Si la transfuge Claire Samson est sûrement en faveur de la francisation des cégeps, ce n’est pas le cas de tous les alliés du PCQ…


Le PL96 étant toujours à l’étude, le gouvernement a encore le temps d’ajouter cette disposition au texte. La CAQ jouirait d’une plus grande crédibilité auprès des nationalistes si elle allait de l’avant dès maintenant au lieu d’en faire une promesse électorale qui pourrait éventuellement être remplie – ou pas.


La forteresse McGill


Cela étant, si la CAQ veut que les électeurs prennent au sérieux ses promesses linguistiques, elle doit faire preuve d’un minimum de cohérence. Comme il l’a fait avec l’agrandissement de Dawson, Legault doit renoncer au don de plus d’un milliard de dollars qu’il comptait faire à McGill.

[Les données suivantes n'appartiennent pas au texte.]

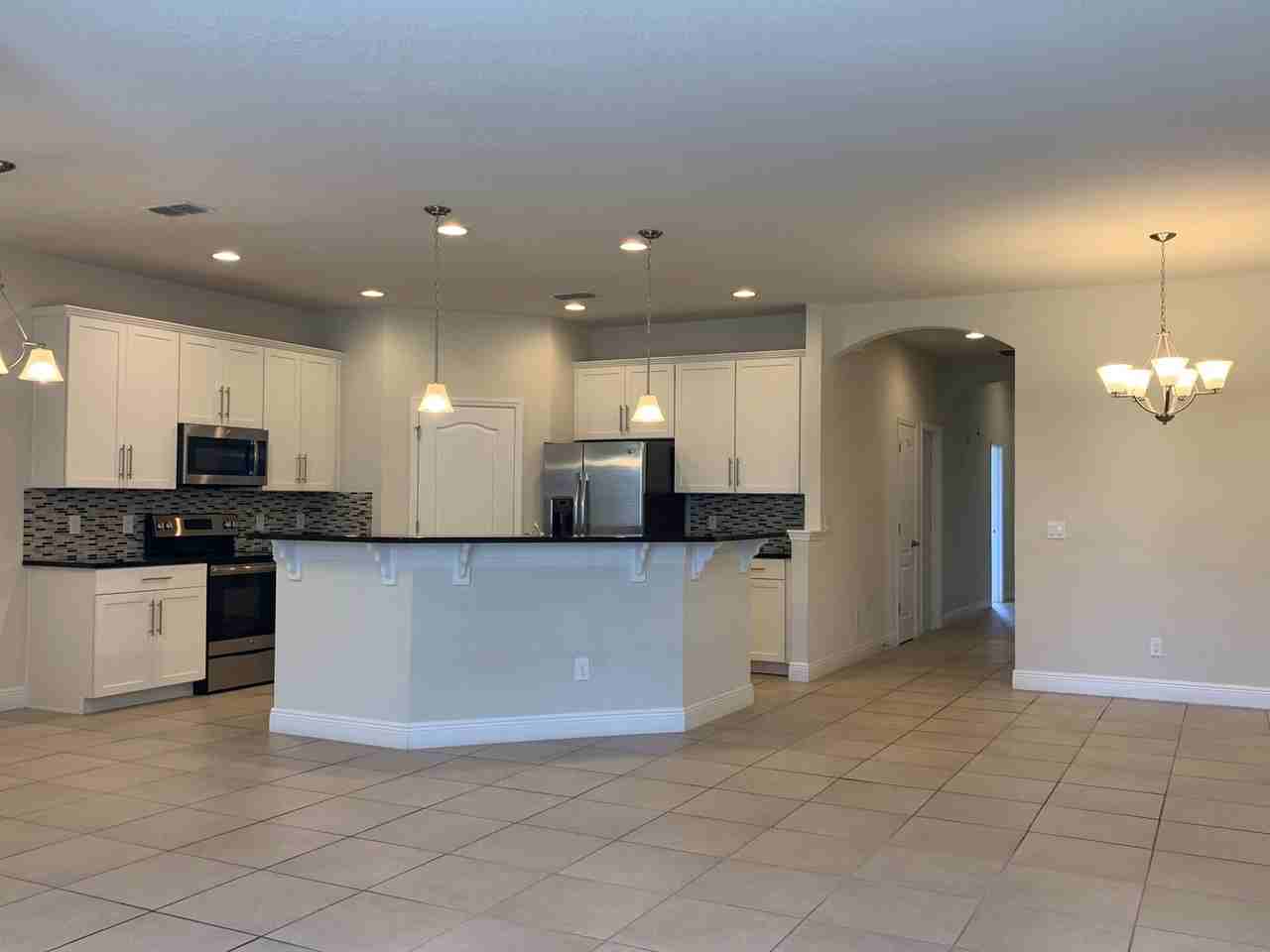 14656 Trapper Rd - Photo 4 of 16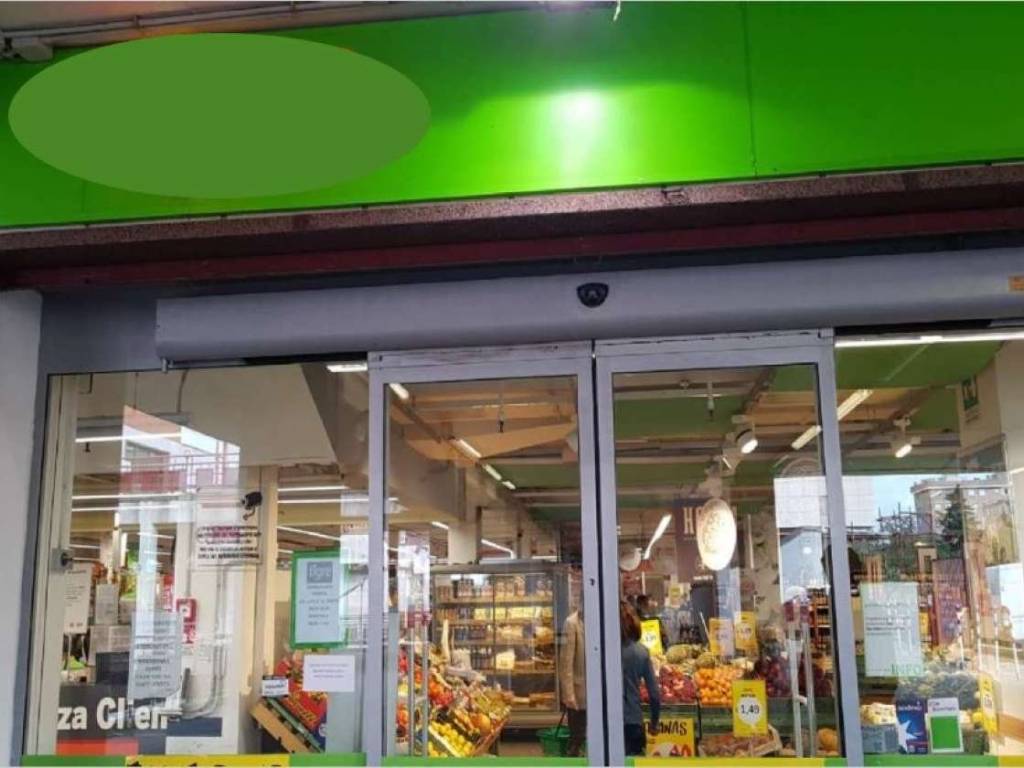 negozio in vendita a Roma in zona Monte Sacro/Talenti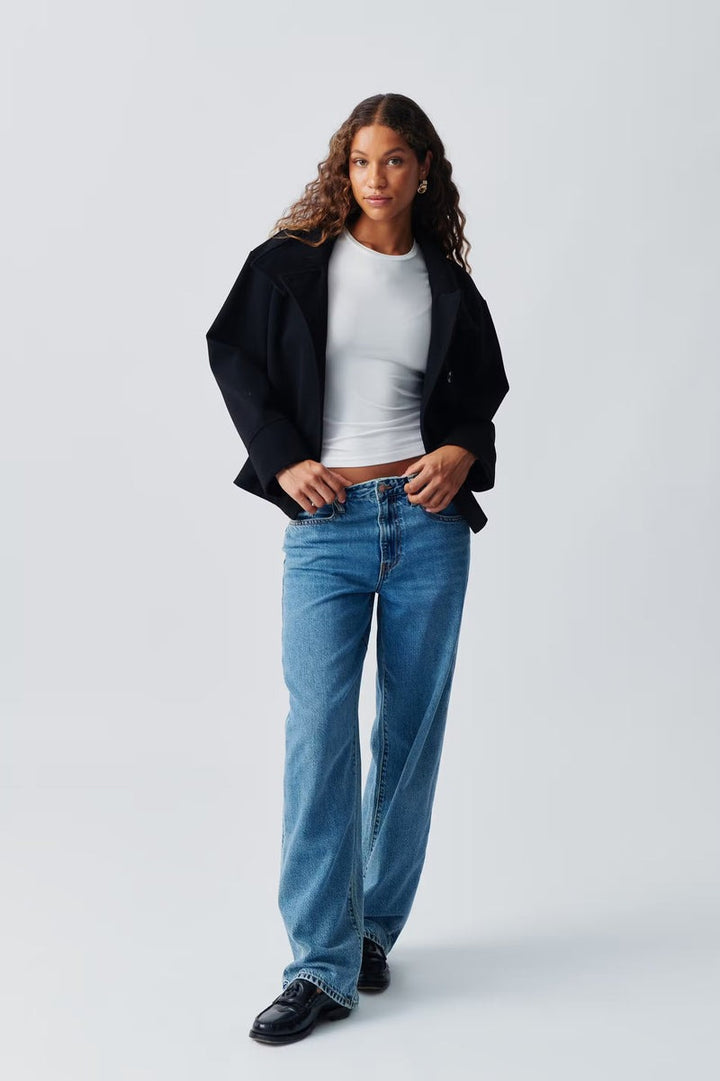 Manteau en laine à col montant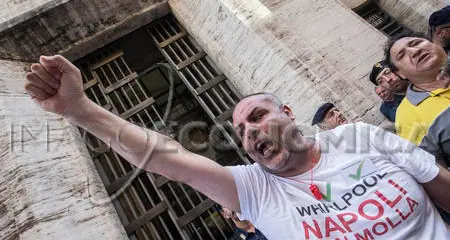 Whirlpool: ' Il decreto crisi' è insufficiente per lo stabilimento Napoli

Cette université est déjà la plus riche et la plus prestigieuse du Québec, et lui léguer un joyau architectural en plein cœur de Montréal (l’ancien hôpital Royal Vic) coulerait dans le béton la suprématie de l’anglais dans la région métropolitaine en désavantageant un peu plus les universités de langue française, qui sont sous-financées par rapport au poids démographiques des francophones :



Rappelons qu’en 2019, 25,9 % des effectifs universitaires du Québec étaient inscrits dans les trois universités de langue anglaise. En 2017, ces mêmes universités allaient chercher 29,9 % des revenus globaux de toute source au Québec. Elles touchaient aussi 20,8 % des revenus du Québec (fonds de fonctionnement, fonds de recherche et fonds d’immobilisation confondus). En moyenne, durant cette période, le poids démographique des anglophones au Québec s’est maintenu autour de 8,2 % (selon la langue maternelle).



Finalement, les Rouges du gouvernement qui prétendent défendre la rigueur budgétaire devraient prendre acte de l’ampleur notre dette collective. S’ils tiennent absolument à se départir de cet actif, ils devraient profiter de la surchauffe immobilière pour le vendre au plus offrant. Pas de cadeau à faire à la forteresse McGill, alors que les francophones hors Québec se meurent³!


* * *


¹ Serait-ce lié au fait que certains activistes décoloniaux (financés par les contribuables) considèrent que la Charte de la langue française relève du racisme systémique?


² Précisons que la loi 101 n’interdit pas aux francophones et aux allophones d’envoyer leurs enfants à l’école primaire ou secondaire anglaise. Il existe d’ailleurs des établissements ciblant cette clientèle au Québec. Mais ils ne reçoivent aucun denier public et les frais de scolarité y sont donc élevés. Il est tout à fait normal que les contribuables québécois ne financent pas leur propre ethnocide.


³ Le Manitoba était majoritairement francophone au moment où il devint une province (1870). En 2017, le français, parlé à la maison par un gros 3,3% de la population, était la 4e langue en importance, après l’anglais, le tagalog et l’allemand!